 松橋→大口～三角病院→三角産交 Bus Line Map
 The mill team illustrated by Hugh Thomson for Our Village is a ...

......

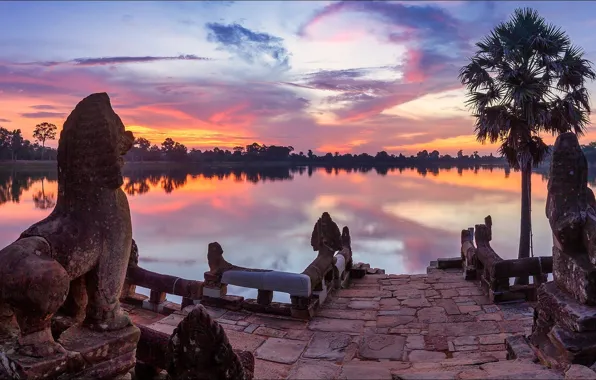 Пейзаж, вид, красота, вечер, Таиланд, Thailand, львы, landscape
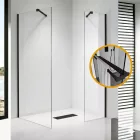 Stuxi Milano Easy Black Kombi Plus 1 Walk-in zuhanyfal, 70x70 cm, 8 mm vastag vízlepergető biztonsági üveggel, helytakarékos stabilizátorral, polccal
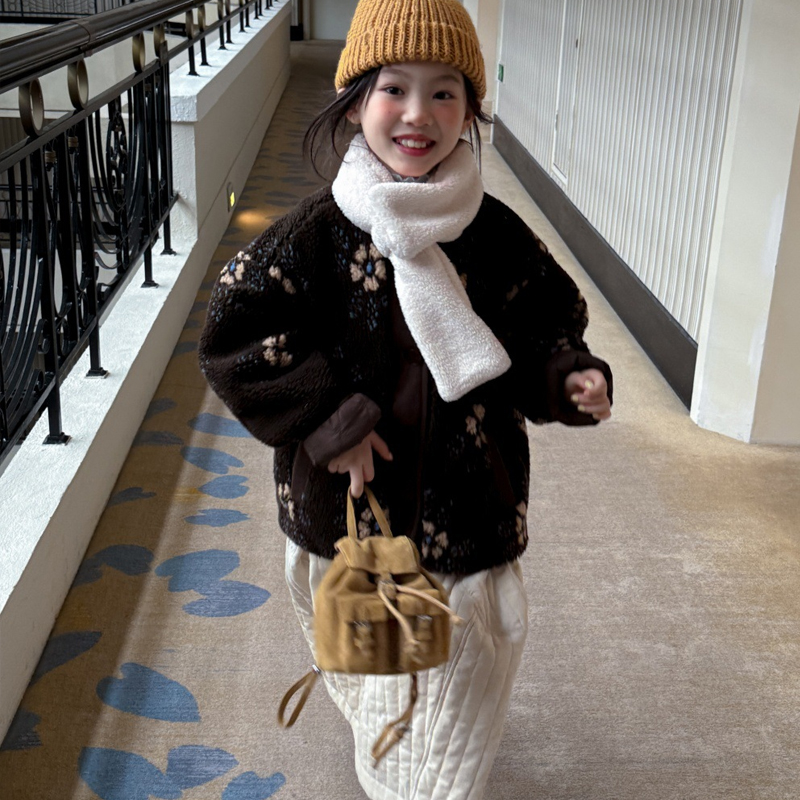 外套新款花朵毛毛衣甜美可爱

......

*Instructions to follow*. Of the entries above, repeat exactly the lines from the line with "松橋→大口～三角病院→三角産交 Bus Line Map" through the line with "The mill team", both of them included.

*Reply*.
 松橋→大口～三角病院→三角産交 Bus Line Map
 The mill team illustrated by Hugh Thomson for Our Village is a ...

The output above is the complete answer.